[Start of Attachment]

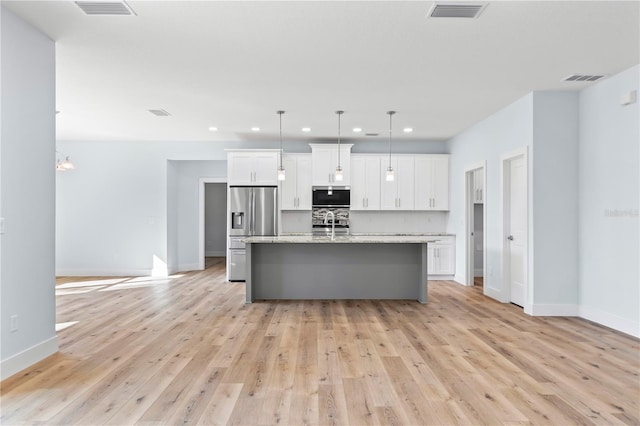 kitchen with a center island with sink, visible vents, stainless steel appliances, white cabinetry, and backsplash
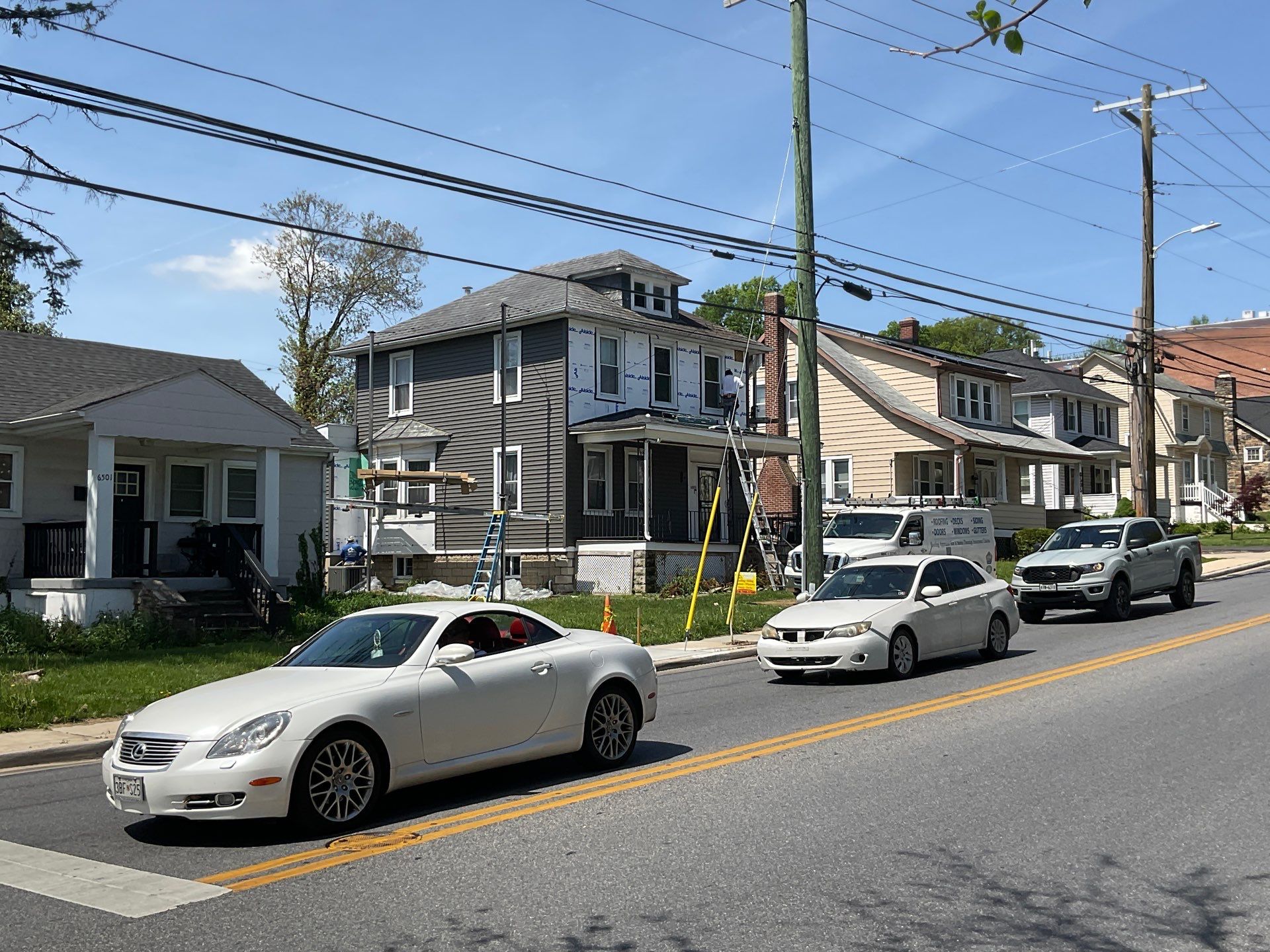 New siding & New Gutters by Alpha Design Services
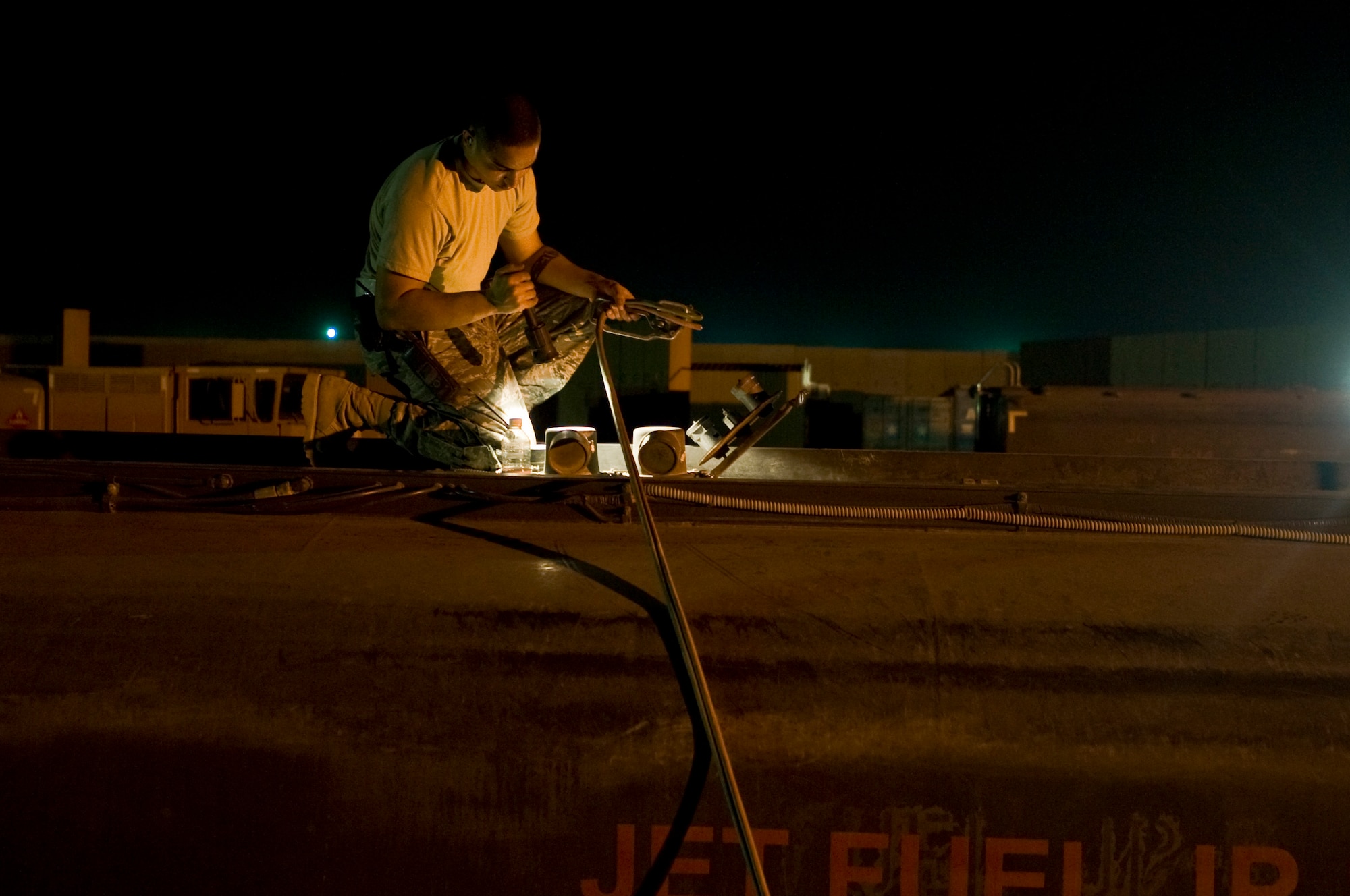 ALI BASE, Iraq -- Senior Airman Greg Crews, 407th Expeditionary Logistics Readiness Squadron fuels operator, tops off the fuel to his truck Aug. 22, 2008 The 407th ELRS Fuels Management Flight supports not only the Air Force, but is a critical asset for the Navy and Army providing the fuel needed 24 hours a day to ensure mission success. They are also responsible for distributing fuel to all of the power generators here. Crews is deployed from Hurlburt Field Air Force Base, Fla. (U.S. Air Force photo/Airman 1st Class Christopher Griffin)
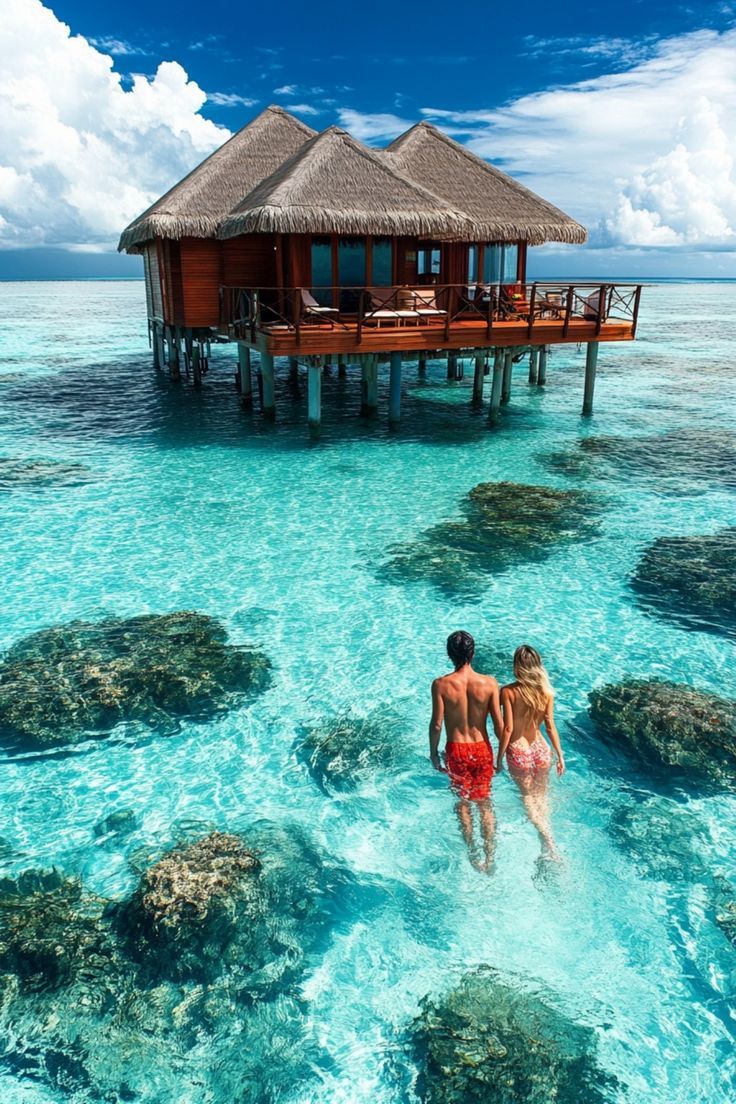 two people are walking in the water near a house on stilts over clear blue water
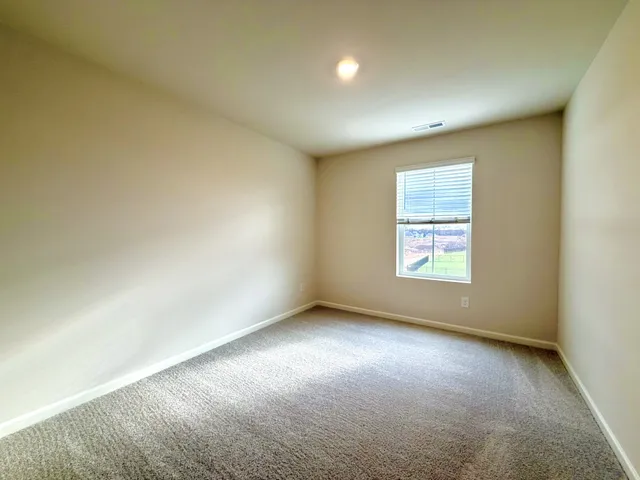 a view of an empty room and closet area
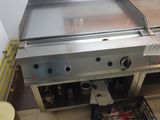 an image of a commercial gas grill in a commercial kitchen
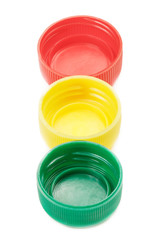 Colorful plastic bottle caps isolated on white background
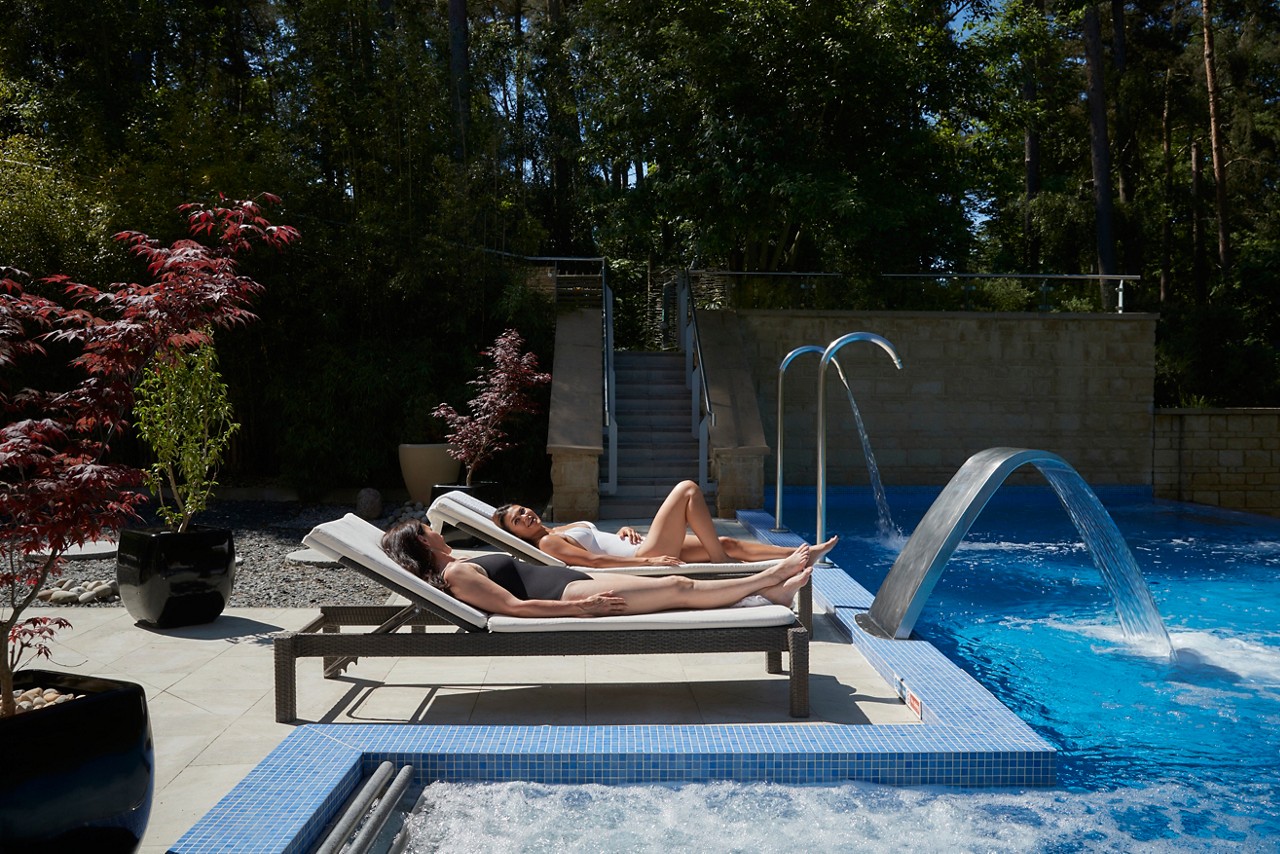 Two women relaxing on sun loungers by the pool.
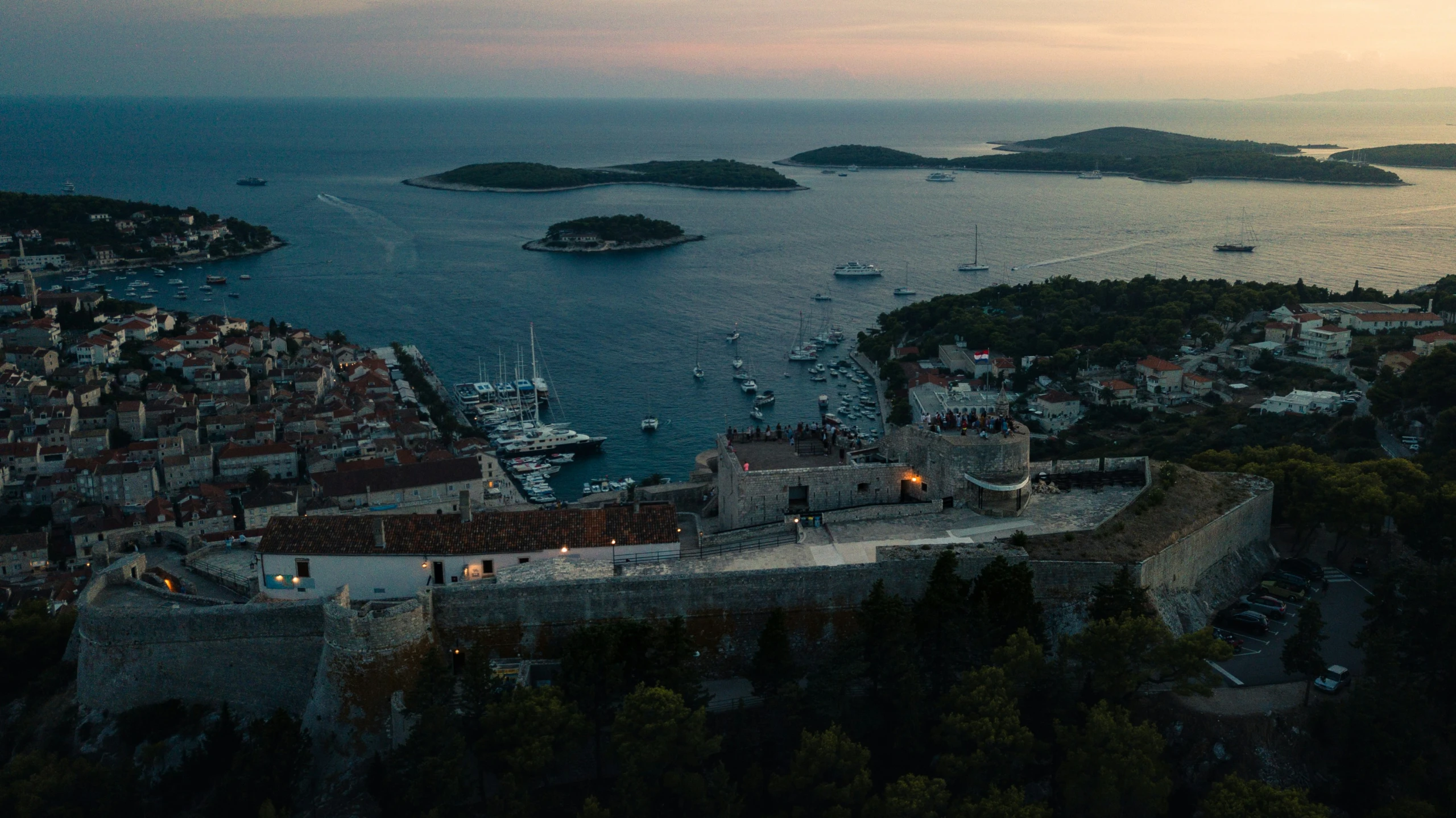 an aerial s shows many boats moored at different marinas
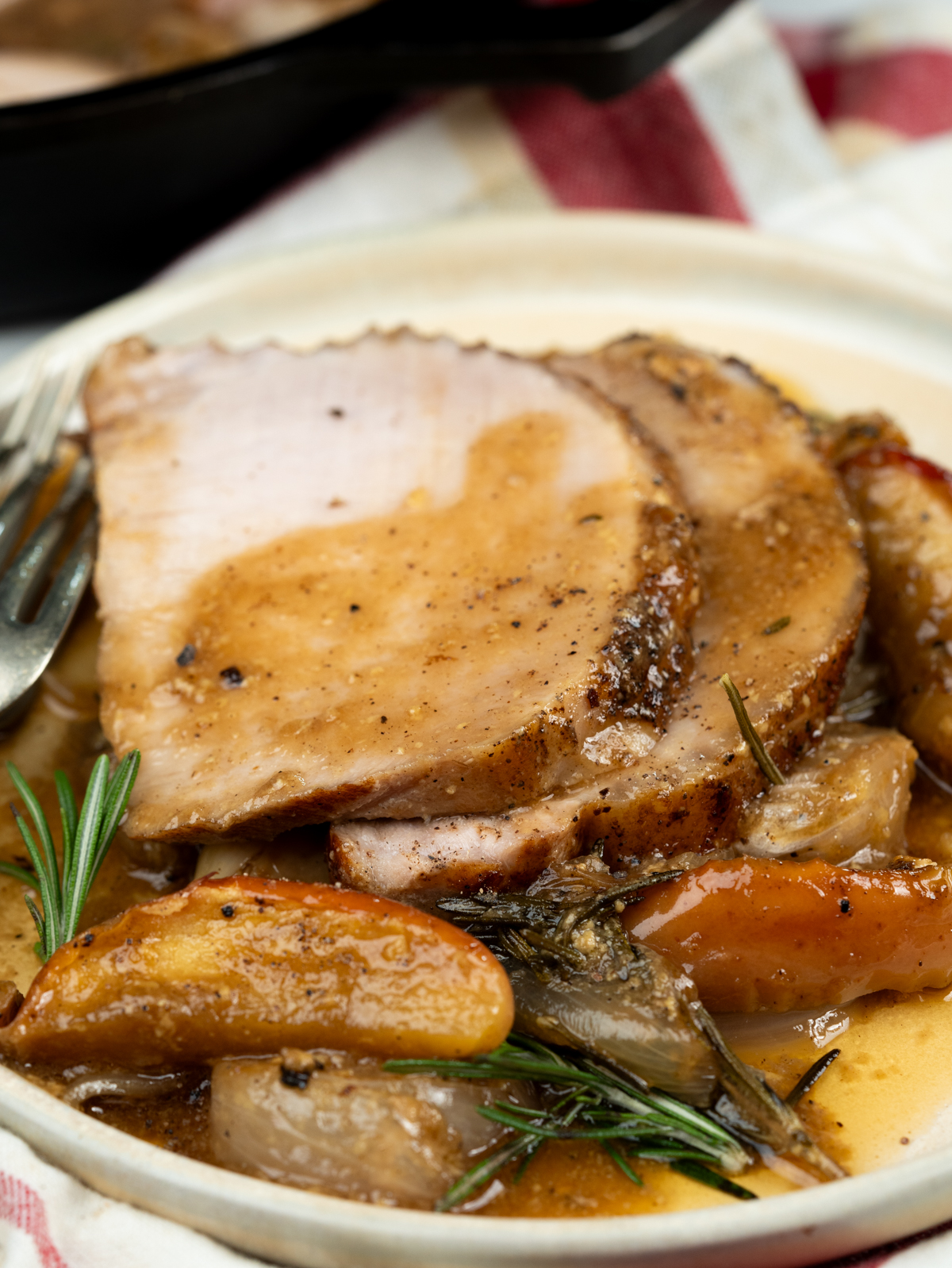 Baked pork loin slices coated with luscious apple sauce.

[End of Attachment]

Your task is an exact transcription of all the data, minus the pictures.

_Exercise answer_.
 kitchen with a center island with sink, visible vents, stainless steel appliances, white cabinetry, and backsplash
 New siding & New Gutters by Alpha Design Services
 ALI BASE, Iraq -- Senior Airman Greg Crews, 407th Expeditionary Logistics Readiness Squadron fuels operator, tops off the fuel to his truck Aug. 22, 2008 The 407th ELRS Fuels Management Flight supports not only the Air Force, but is a critical asset for the Navy and Army providing the fuel needed 24 hours a day to ensure mission success. They are also responsible for distributing fuel to all of the power generators here. Crews is deployed from Hurlburt Field Air Force Base, Fla. (U.S. Air Force photo/Airman 1st Class Christopher Griffin)
 two people are walking in the water near a house on stilts over clear blue water
 a view of an empty room and closet area
 an image of a commercial gas grill in a commercial kitchen
 Colorful plastic bottle caps isolated on white background
 Two women relaxing on sun loungers by the pool.
 an aerial s shows many boats moored at different marinas
 Baked pork loin slices coated with luscious apple sauce.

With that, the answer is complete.